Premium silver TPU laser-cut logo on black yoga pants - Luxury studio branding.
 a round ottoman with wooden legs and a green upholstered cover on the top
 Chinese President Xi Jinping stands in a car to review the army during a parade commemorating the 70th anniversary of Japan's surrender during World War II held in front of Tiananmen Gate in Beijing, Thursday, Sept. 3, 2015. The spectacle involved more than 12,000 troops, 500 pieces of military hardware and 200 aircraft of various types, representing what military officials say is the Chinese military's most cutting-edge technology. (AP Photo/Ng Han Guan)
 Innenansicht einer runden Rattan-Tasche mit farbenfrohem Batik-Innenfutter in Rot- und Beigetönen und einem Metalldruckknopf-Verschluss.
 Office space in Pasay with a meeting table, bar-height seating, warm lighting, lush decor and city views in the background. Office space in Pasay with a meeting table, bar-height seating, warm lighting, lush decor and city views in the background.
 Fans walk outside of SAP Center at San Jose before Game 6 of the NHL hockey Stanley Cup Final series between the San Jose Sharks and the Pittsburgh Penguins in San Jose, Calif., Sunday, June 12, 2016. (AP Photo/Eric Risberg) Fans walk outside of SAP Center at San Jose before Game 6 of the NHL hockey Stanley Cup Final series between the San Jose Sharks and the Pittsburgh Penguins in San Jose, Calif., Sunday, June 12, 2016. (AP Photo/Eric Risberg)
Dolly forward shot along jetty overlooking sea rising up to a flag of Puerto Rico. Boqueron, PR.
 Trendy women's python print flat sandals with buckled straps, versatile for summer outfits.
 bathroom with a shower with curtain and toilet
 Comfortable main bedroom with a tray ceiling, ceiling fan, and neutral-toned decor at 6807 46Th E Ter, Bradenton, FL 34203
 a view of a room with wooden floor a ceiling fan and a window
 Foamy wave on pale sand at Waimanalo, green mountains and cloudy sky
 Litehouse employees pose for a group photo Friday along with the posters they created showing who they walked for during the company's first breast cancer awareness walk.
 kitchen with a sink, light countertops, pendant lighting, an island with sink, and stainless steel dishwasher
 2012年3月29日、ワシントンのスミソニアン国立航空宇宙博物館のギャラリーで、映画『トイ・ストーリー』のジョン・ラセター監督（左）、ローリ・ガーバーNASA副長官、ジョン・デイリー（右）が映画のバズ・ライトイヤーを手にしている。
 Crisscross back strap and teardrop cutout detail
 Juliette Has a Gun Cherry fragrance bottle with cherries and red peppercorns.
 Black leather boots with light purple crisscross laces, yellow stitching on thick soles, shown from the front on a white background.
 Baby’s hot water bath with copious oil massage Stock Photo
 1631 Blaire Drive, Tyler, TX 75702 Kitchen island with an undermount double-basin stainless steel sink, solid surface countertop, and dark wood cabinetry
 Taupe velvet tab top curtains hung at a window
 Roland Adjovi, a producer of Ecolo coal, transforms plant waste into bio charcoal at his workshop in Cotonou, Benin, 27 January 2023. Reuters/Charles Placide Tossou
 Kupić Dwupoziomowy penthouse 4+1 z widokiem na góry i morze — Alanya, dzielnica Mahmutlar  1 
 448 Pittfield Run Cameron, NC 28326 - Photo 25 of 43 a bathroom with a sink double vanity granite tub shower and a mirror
------------------------------------------------
## Task brief
Write out exactly the final stretch of the listing above, beginning at the line that contains "Roland Adjovi, a" and ending at its last line, with nothing added.

## Exercise answer
 Roland Adjovi, a producer of Ecolo coal, transforms plant waste into bio charcoal at his workshop in Cotonou, Benin, 27 January 2023. Reuters/Charles Placide Tossou
 Kupić Dwupoziomowy penthouse 4+1 z widokiem na góry i morze — Alanya, dzielnica Mahmutlar  1 
 448 Pittfield Run Cameron, NC 28326 - Photo 25 of 43 a bathroom with a sink double vanity granite tub shower and a mirror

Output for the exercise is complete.